- Born: Kalimpong, West Bengal
- Culinary career
- Current restaurant The Blue Poppy Thakali;
- Awards won NDTV Best Restauranteur in India 2026; Culinary Culture 5th Best Chef in India 2025; Culinary Culture 15th Best Chef in India 2024; Culinary Culture 19th Best Chef in India 2022; ;

= Doma Wang =

Indian chef and restauranteur

Doma Wang, also called Doma Di, is an Indian chef of Tibetan heritage who has been known for popularizing Tibetan cuisine in and around Kolkata. She opened a restaurant, The Blue Poppy Thakali, and has been ranked in the Top 30 Chefs in India three times by Culinary Culture, including fifth in 2025.

== Biography ==
Doma Wang was born and raised in Kalimpong, before it became a district. Her father was the principal of the local Chinese school and also owned a noodle factory, which was in the upper floor of their family home. Her father was also the one to teach her to cook food, such as Momo, and instill a love for food in her.

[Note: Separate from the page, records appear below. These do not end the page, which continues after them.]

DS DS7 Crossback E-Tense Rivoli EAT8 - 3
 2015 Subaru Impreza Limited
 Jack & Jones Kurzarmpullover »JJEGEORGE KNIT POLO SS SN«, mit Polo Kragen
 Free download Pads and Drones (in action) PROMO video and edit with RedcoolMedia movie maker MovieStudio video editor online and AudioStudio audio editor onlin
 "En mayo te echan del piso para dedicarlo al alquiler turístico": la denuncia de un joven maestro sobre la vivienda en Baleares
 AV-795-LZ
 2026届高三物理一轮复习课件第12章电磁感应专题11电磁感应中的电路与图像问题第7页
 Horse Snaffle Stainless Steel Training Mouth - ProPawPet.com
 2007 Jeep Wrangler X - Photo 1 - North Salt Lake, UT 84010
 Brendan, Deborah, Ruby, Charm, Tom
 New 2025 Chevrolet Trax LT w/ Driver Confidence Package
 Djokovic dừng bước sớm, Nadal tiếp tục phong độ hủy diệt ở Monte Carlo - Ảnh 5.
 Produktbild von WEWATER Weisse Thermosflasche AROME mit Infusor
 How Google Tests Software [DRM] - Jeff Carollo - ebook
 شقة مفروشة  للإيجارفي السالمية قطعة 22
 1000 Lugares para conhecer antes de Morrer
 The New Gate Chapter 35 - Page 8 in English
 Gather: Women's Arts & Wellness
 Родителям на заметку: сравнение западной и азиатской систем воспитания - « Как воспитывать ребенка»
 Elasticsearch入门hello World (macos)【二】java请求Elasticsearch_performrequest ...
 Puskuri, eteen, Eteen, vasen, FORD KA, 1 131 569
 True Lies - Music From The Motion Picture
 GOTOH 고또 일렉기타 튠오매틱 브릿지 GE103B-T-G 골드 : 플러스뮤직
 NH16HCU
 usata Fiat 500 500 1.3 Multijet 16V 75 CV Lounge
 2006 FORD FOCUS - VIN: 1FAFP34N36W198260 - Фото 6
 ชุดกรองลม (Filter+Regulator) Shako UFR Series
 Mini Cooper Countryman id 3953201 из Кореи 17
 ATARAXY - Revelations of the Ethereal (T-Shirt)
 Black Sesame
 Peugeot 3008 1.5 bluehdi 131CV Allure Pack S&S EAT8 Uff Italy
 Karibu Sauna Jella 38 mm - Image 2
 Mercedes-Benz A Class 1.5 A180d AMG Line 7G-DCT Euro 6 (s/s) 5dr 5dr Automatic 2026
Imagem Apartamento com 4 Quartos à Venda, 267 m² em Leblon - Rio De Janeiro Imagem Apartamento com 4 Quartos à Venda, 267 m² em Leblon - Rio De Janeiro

She worked as an interpreter for a Buddhist cultural organization in Kolkata, but after the office relocated to Gaya, Wang decided to launch a home delivery system, delivering homemade momo and thukpa in Bidhannagar. She was then invited by the Sikkim Tourism Ministry to the Sikkim House Canteen in Kolkata. In 2019, after a government change that resulted in the loss of her lease, she moved to the building next door and opened a new restaurant version, The Blue Poppy Thakali.

She has become known for bringing Tibetan cuisine to Indian attention, and became known as the "Momo Queen of India".

Her daughter, Sachiko Seth, is also a chef and has assisted Wang in her work. Together, Wang, Seth, and her niece Manisha Sangma also opened Boma Asian Bakery, a Korean-inspired bakery, and Popo's, in honor of Wang's father.

Wang also opened Shim Shim, a Himalayan restaurant focused on beef. She has held many pop-ups, including ones in Chennai, Pune, and Bengaluru. She was one of five chefs selected for Power Play at Masters of Marriott Bonvoy.

She has been ranked in the Top 30 Chefs in India by Culinary Culture on three occasions: in 2022, she was ranked 19th. In 2024, she was ranked 15th. And in 2025, she was ranked 5th. She was ranked Best Restauranteur in India by the NDTV Food Awards in 2026.